This might be the straw

As we are now aware, we have had three regional bank failures and a lot of nervous deposit holders. Investors are reassured by regulatory actions to limit the fallout. Specifically, that SVB depositors will be protected.

We hope the FEDs will pause and see what they have done. Let’s hope they move less aggressively raising interest rates.

From a bond perspective, we are seeing one of the largest rate improvements I have seen in the last five years. As of last Thursday, we have seen a 159bp (basis point) drop-in rates. The national average rate went from 7.126% to 6.879%.

So, what happened to Silicon Valley Bank.

How did SVB get here: During the pandemic they had a huge influx of deposits. Some of those deposits they made loans, while other funds were deposited in Securities i.e., bonds. The underlying issue was the Fed raising rates. When the rates rose, those purchased bonds lowered in value.

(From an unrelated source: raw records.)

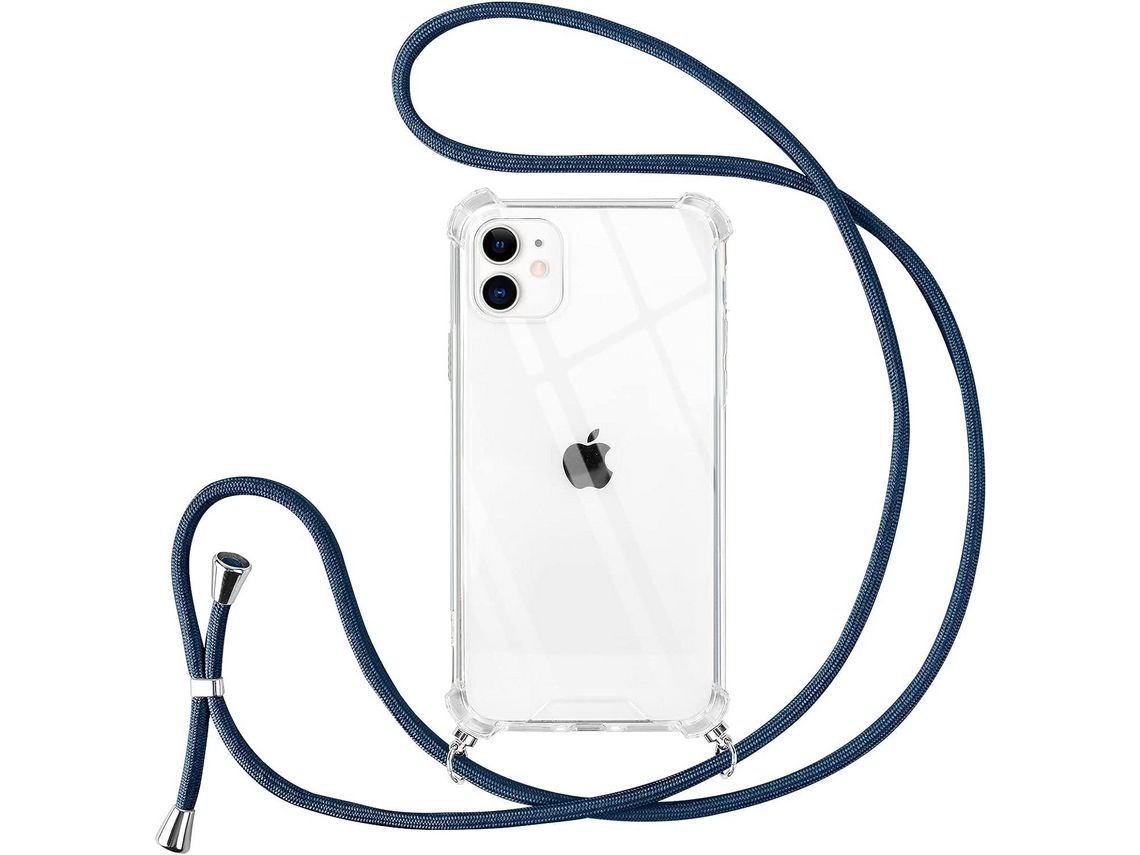 Capa com Cordão para iPhone 11 HONGWE. Transparente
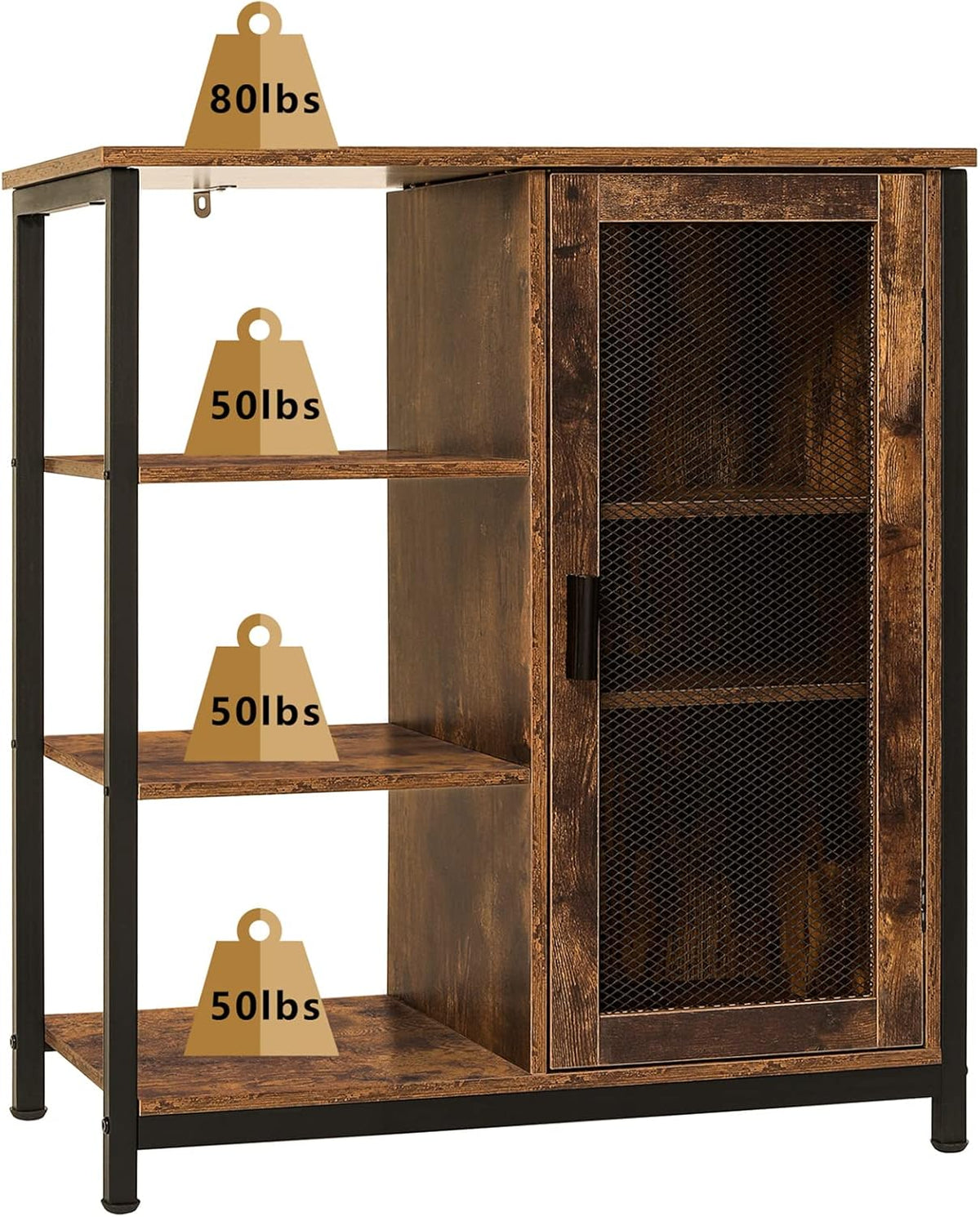 Storage Cabinet with Shelves and Door J859389
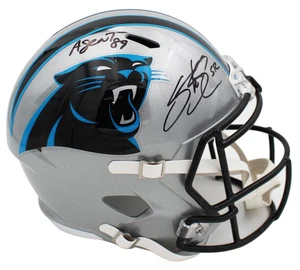 Steve Smith Sr Signed Carolina Panthers Helmet: Agent 89 Inscription (Full Size)
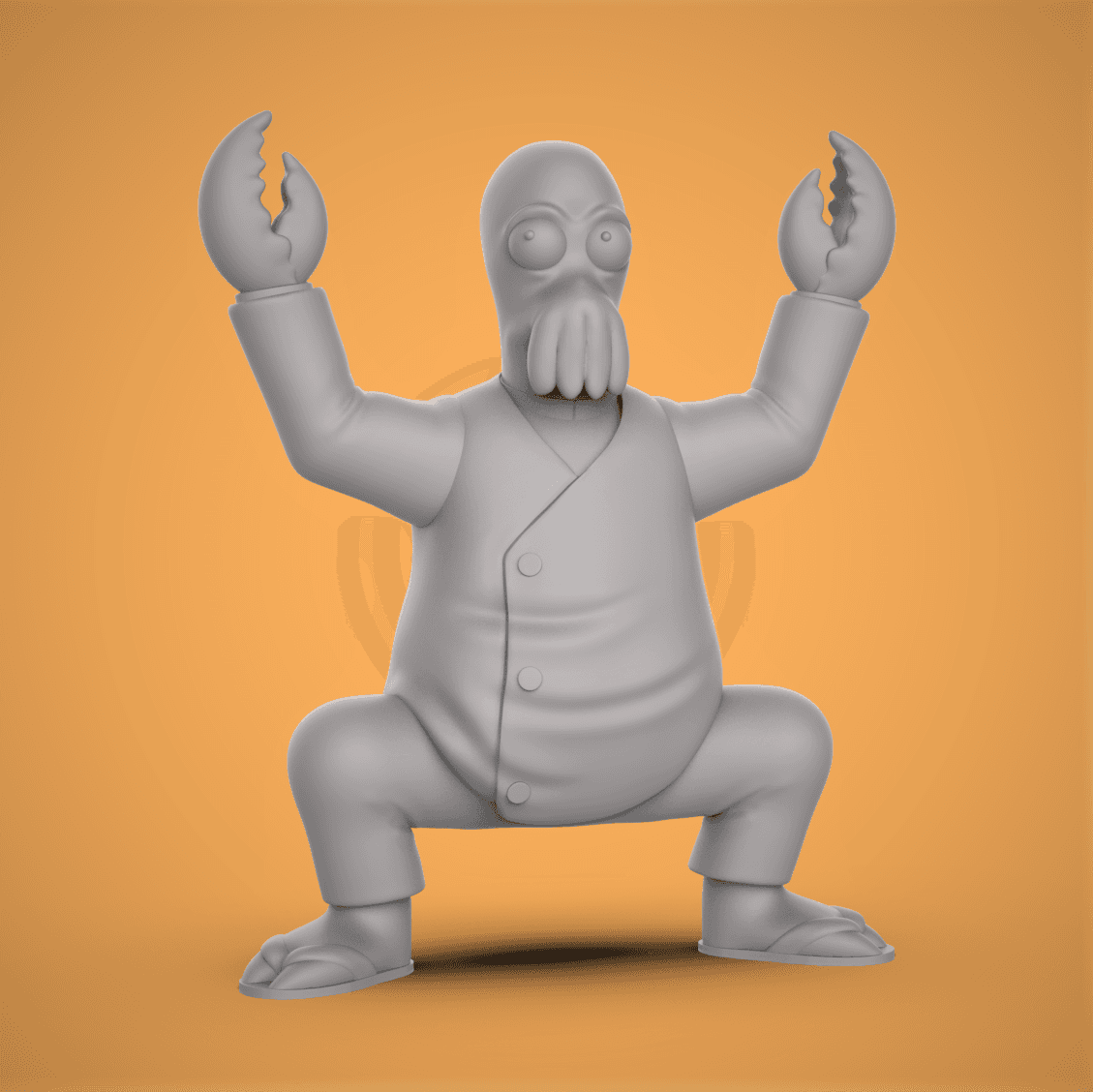 Zoidberg -Futurama 3d model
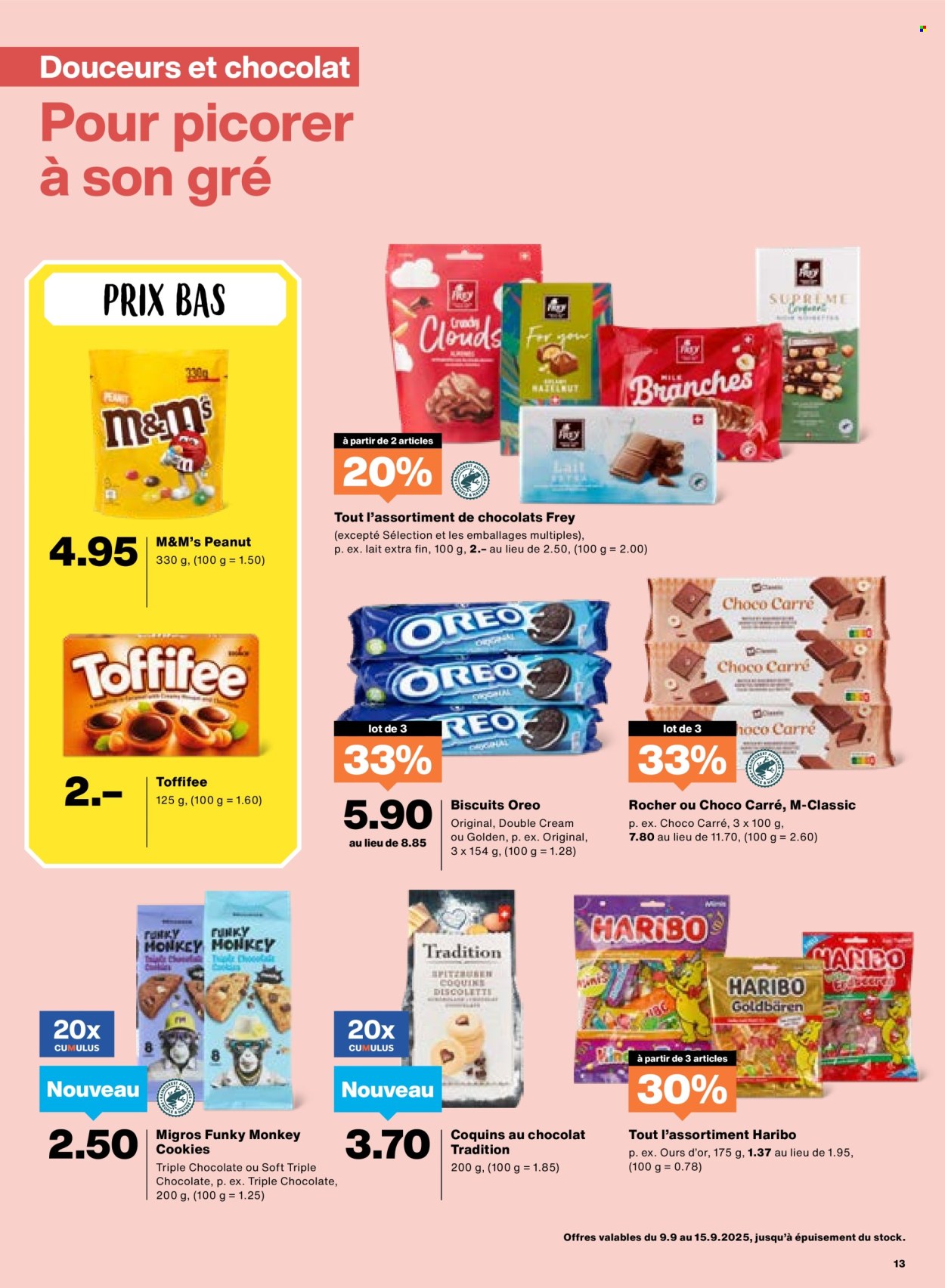 Volantino Migros - 9.9.2025 - 15.9.2025. Pagina 13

This is not a problem unless you need to sell early.

Deposits started to leave the bank faster than they anticipated which forced SVB to sell the bonds at a reduced price and took a loss. Last Wednesday they announced they needed to raise capital the next day, and that panicked the depositors. The stock sold off and in one day 42 billion dollars was withdrawn. SVB was forced to meet draw demands. They sold $21B and forced to take a $2B loss.

How Significant is the collapse: it matters because it could panic other parts of the banking system like Signature bank and First Republic, who announced they received funds from the Federal Reserve and JP Morgan.

What could happen next: The Key thing to watch is, are the investors and depositors reassured. Time will tell.